Re: New draft TAG Finding on The Self-Describing Web

On 5/30/07, Dan Brickley <danbri@danbri.org> wrote:

> I guess the idea is of document-like-things that are (in principle at
> least) losslessly (or 'essentially losslessly', whatever that means)
> representable as a stream of 0s and 1s.

This is a good definition because it's fairly clear - it rules out
cats and quarks, and a large number of other things that I can figure
out.  But it sounds like you're talking about strings or numbers or
"representations" - not things that vary along multiple dimensions
such as time and language (I'm referring to webarch and other dogma
here).

>
> I have long been extremely uncomfortable with the idea of "Information
> Resources" being baked into webarch at any deep level

I agree...

> > Anyhow, Google is the URI owner and gets to decide what the URI
> > denotes; so who are we to be talking about the essences of Google's
> > resources?
>
> ..ooOO("When I use a word," Humpty Dumpty said, in a rather scornful
> tone, "it means just what I choose it to mean - neither more nor less." :)

Not according to my reading of webarch 2.2.2.1.  That says that a word
means what its owner says it means. If the behavior of a web server is
to be interpreted as providing implicit statements about the referent
of a URI, well... as I've said, how exactly are we to interpret this
behavior? I don't think it's spelled out anywhere, and doing so is
difficult because servers can be wrong, whimsical, inconsistent,
devious, etc. Any inference we draw from behavior has to be either a
Popperian hypothesis based on evidence and/or theory, or
contract-based - the server promises something and we choose for
whatever reason to believe the promise.

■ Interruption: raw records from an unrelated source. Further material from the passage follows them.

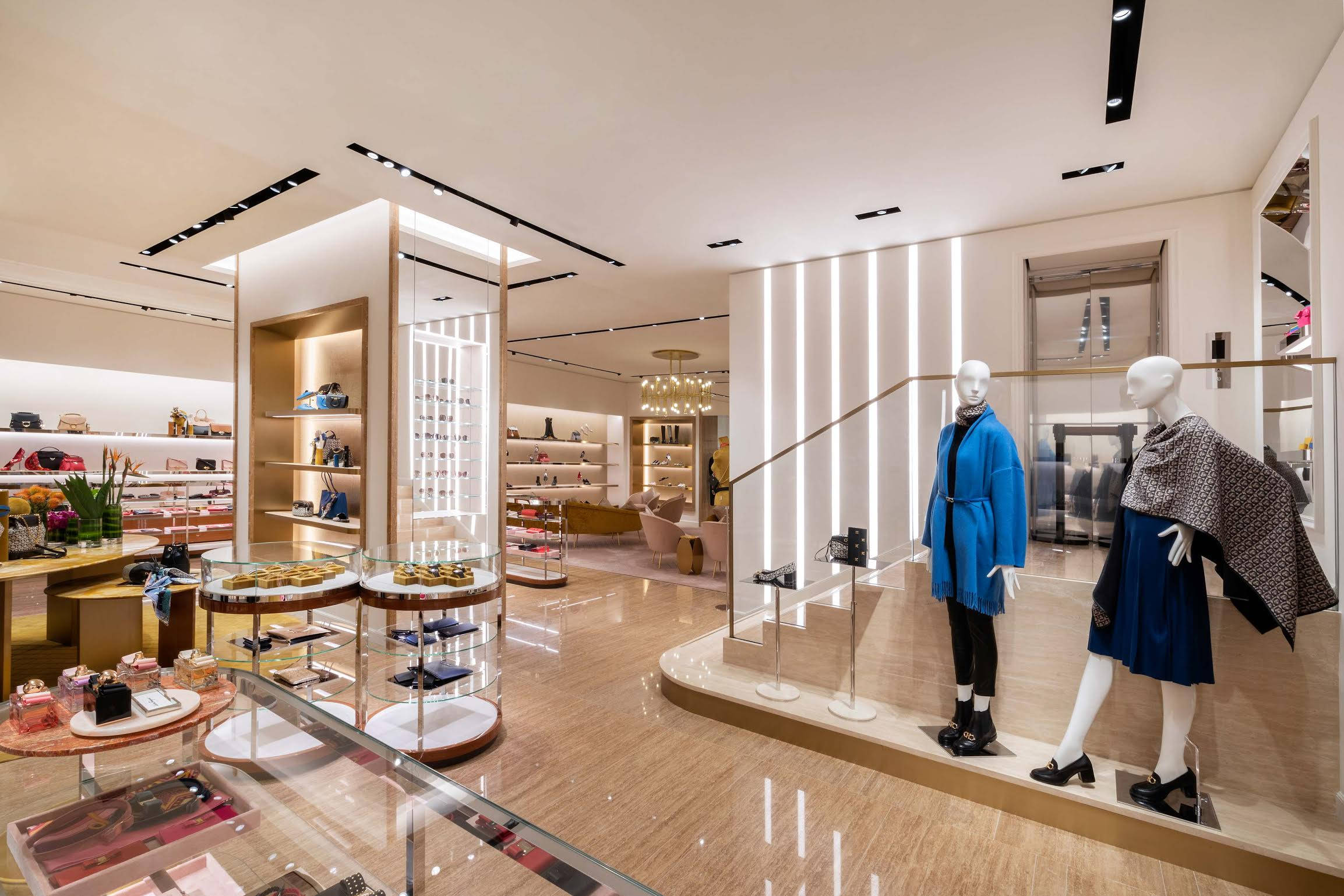 Ferragamo 桌布 壁紙 — 豪華精品店內部，設有穿著藍色服裝的人體模型、玻璃展示櫃和溫暖的環境照明。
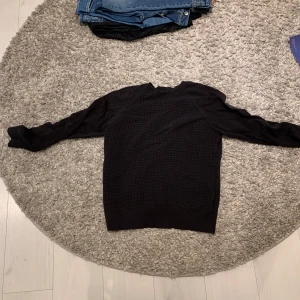 Svart tröja från Calvin Klein - Säljer en stilren svart tröja från Calvin Klein. Tröjan har en ribbad krage och ett diskret mönster på framsidan. Perfekt för en avslappnad men ändå snygg look. 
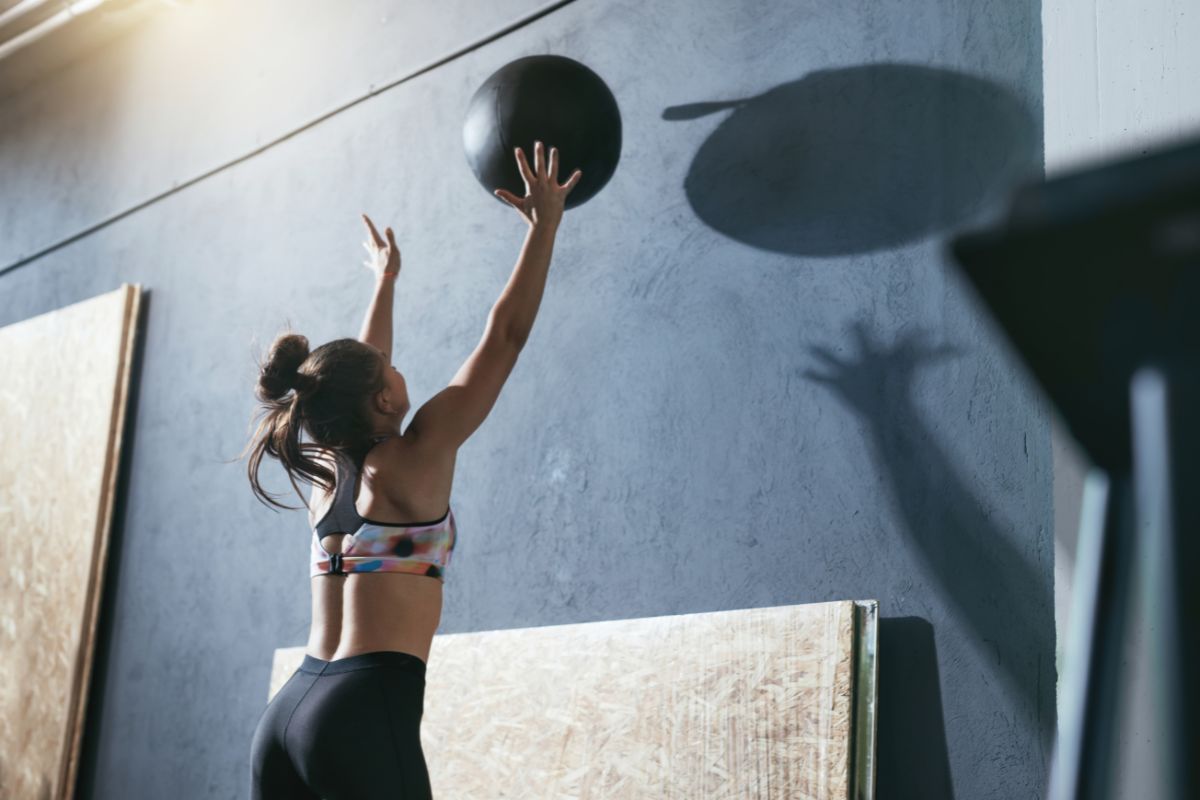 A woman throwing a wall ball up against the wall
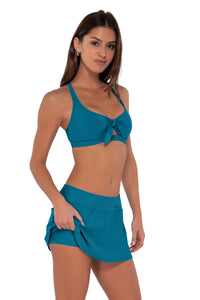 Side pose #1 of Gigi wearing Sunsets Avalon Teal Sporty Swim Skirt paired with Brandi Bralette bikini top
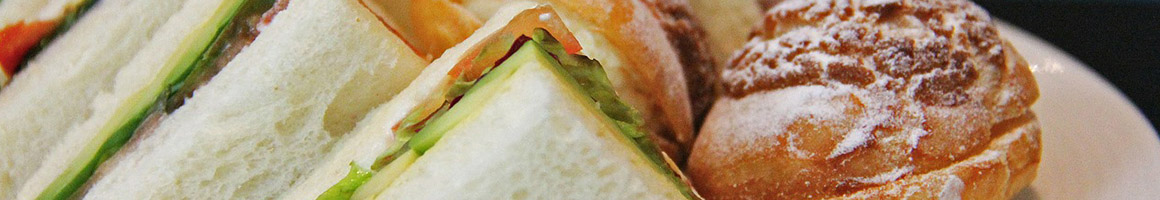 Eating Breakfast & Brunch Sandwich at Sandfiddler Cafe restaurant in Norfolk, VA.
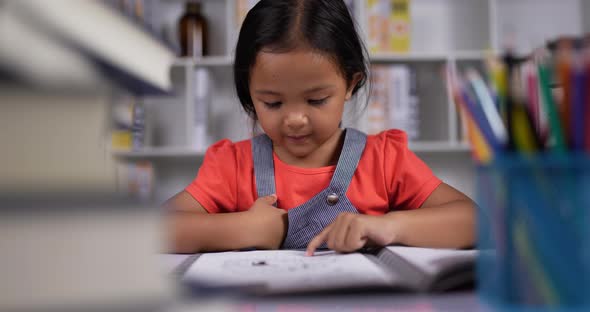 Asian little girl practicing reading at the desk at classroom.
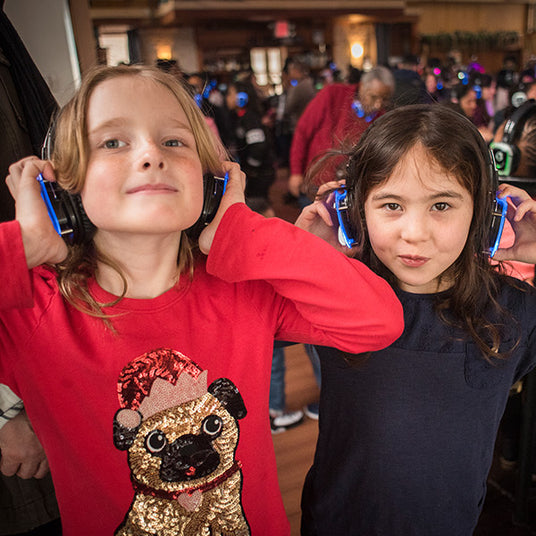 Quiet Events Silent Disco headphones for home and two children having fun and holding their headphones over their ears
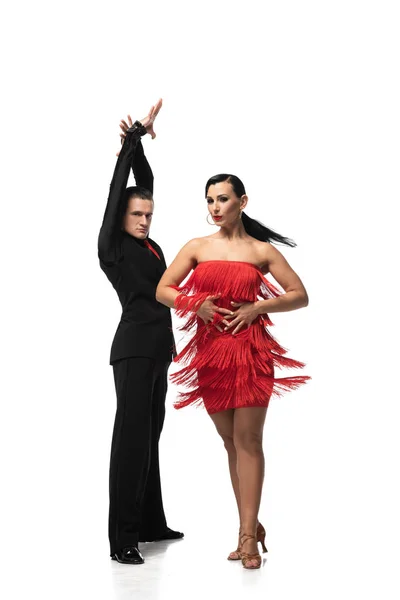 Atractiva bailarina en vestido con flecos realizando tango con elegante pareja sobre fondo blanco - foto de stock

In neither case can we make
any general statements about "information resources" - only particular
statements based on evidence or belief that's limited to a particular
situation.

Given the number of deployed web servers it's hard to believe we'll be
able come up with any useful general inference schemes based on what
they do.

> > If we know independently what a URI denotes, and have an
> > objective definition of "information resource", then we can take
> > stands on the information-resourceness of the denoted resource.
> > Otherwise it's an exercise in futility, and instead we should just be
> > talking empirically about URI's and HTTP experiences.
>
> Yes please.

I certainly sympathize with the urge to keep feet on the ground, but I
think there is a need for a type (or class), or several of them, that
can be used for nonsense checking.  If I'm writing RDF, and make an
assertion that can only make sense for something that's
information-resource-like (maybe because you have to be able to GET
it, or copy it, or say what language it's written in, or something),
it would be nice to be able to verify the type-correctness of that
assertion to some extent. That is, if I assert that R is 52 octets
long, or that R's author is Charles Darwin, I want to be told that
there's a problem if there's also reason to believe that R is a cat,
or R is Socrates (belongs to a disjoint class).

This may not be a single type.  Maybe gettable (accessible) is
different from copyable or lengthable, etc. But it would be
unfortunate if there were too many such types.

Currently of course I'm using foaf:Document, but it always makes me
squirm. <http://news.google.com/> a foaf:Document . just seems weird
to me. I don't know how to translate it into sensible English, and I
still don't really know whether it's supposed to be true or not.

Perhaps the concept(s) is not really at home in a technical document
about web architecture, but it might make sense in some well reasoned
theory of the web & the semantic web (whether or not they're
different). If we had such a theory we might be able to write useful,
falsifiable RDF (and prose) that uses it.

Jonathan

Received on Wednesday, 30 May 2007 17:16:48 UTC